"A China não é um regime totalitário 'tout court'"
O ex-Presidente português Ramalho Eanes revelou hoje detalhes de uma conversa com Deng Xiaoping para defender que a China não é um "regime totalitário 'tout court'" (simplesmente) e considerou que se deve ser exigente em matéria de direitos humanos.
© Lusa
Mundo Ramalho Eanes
Em entrevista à Agência Lusa a propósito dos 40 anos das relações diplomáticas entre Portugal e a República Popular da China, estabelecidas em 08 de fevereiro de 1979, o antigo Presidente da República portuguesa contou que quando se encontrou com o líder chinês em maio de 1985, em Pequim, lhe falou na importância de a sociedade civil justificar que a população se pronunciasse em eleições.
"Ele sorriu como quem diz 'eu estou a perceber' e disse-me: 'sabe que nas pequenas comunidades e em várias áreas da China há eleições, o partido apresenta o seu candidato, mas os cidadãos podem apresentar outros candidatos", contou Ramalho Eanes, que era chefe de Estado quando os dois países estabeleceram relações diplomáticas.
O general Eanes referiu que no Ocidente não se conhece esta situação e que Deng lhe explicou que "o Presidente [norte-americano Jimmy] Carter mandou para [a China] observadores e ninguém referiu isso".
Por isso, "a China não é como nós julgamos, um regime totalitário 'tout court'", concluiu Ramalho Eanes.
Outro aspeto do universo chinês destacado pelo antigo chefe de Estado é que se trata de uma sociedade hierarquizada.
"Se o chefe governa a nação em proveito de todos, do bem comum, com rigor e exigência ele deve manter-se, se ele não faz isso, ele deve ser substituído.
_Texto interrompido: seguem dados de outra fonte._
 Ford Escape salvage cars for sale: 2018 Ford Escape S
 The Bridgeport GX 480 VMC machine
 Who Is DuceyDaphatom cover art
Isto modifica um pouco a nossa perspetiva dos direitos humanos, a nossa perspetiva, que obviamente defendo, que é a perspetiva greco-cristã, a deles é confuciana", disse.
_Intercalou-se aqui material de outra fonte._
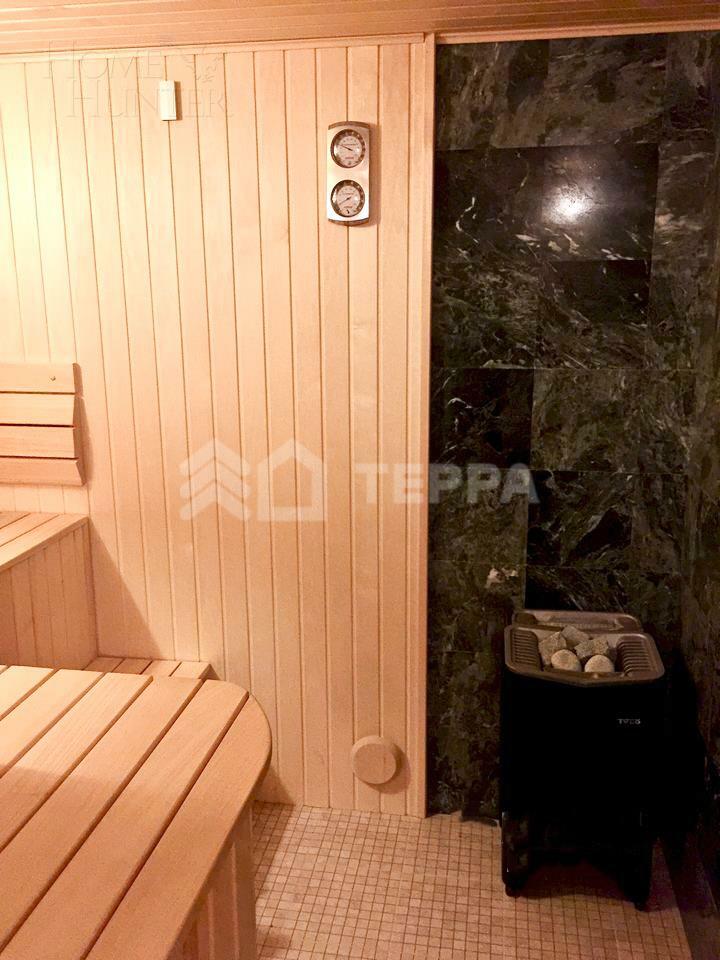 2-этажный таунхаус 400 м² с отделкой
Relativamente à existência de um regime de partido único na China, Eanes argumentou que o país tem 1.300 milhões de habitantes e que "tem ainda uma larga franja da população em situação débil", apesar de centenas de milhões de pessoas terem saído da miséria.
"Já viu o que era de repente criar um multipartidarismo na china, já viu o que é?" - argumentou.
"Em relação à China, devemos ter uma exigência que é fazer com que ela respeite todas as regras internacionais. Em relação aos direitos humanos, devemos ser exigentes, mas prudencialmente inteligentes no sentido aristotélico, não devemos querer que eles sejam iguais a nós", defendeu.
"Queremos que eles, utilizando a sua personalidade histórica, a sua unidade e continuidade, consigam utilizar e descobrir caminhos que os levem à defesa dos direitos do Homem, mas temos que ter em atenção que isso não vai ser já, vai ser demorado, vai ser difícil, e que os direitos humanos serão sempre tratados não segundo o nosso modelo, mas segundo um paradigma que será naturalmente diferente", perspetivou.
Quanto ao atual líder chinês, Xi Jinping, no poder desde 2013, Eanes considerou-o "um grande imperador".
"Em termos internos, o trabalho que ele está a fazer no interior da China é importante, significativo. O trabalho que ele está a fazer para a projeção da China é interessante, mas não deixa de ser preocupante, um trabalho externo que se estende a todo o mundo", acrescentou.
Xi Xinping realizou uma visita de Estado a Portugal em dezembro do ano passado e este ano, em abril, o Presidente da República, Marcelo Rebelo de Sousa, desloca-se à China.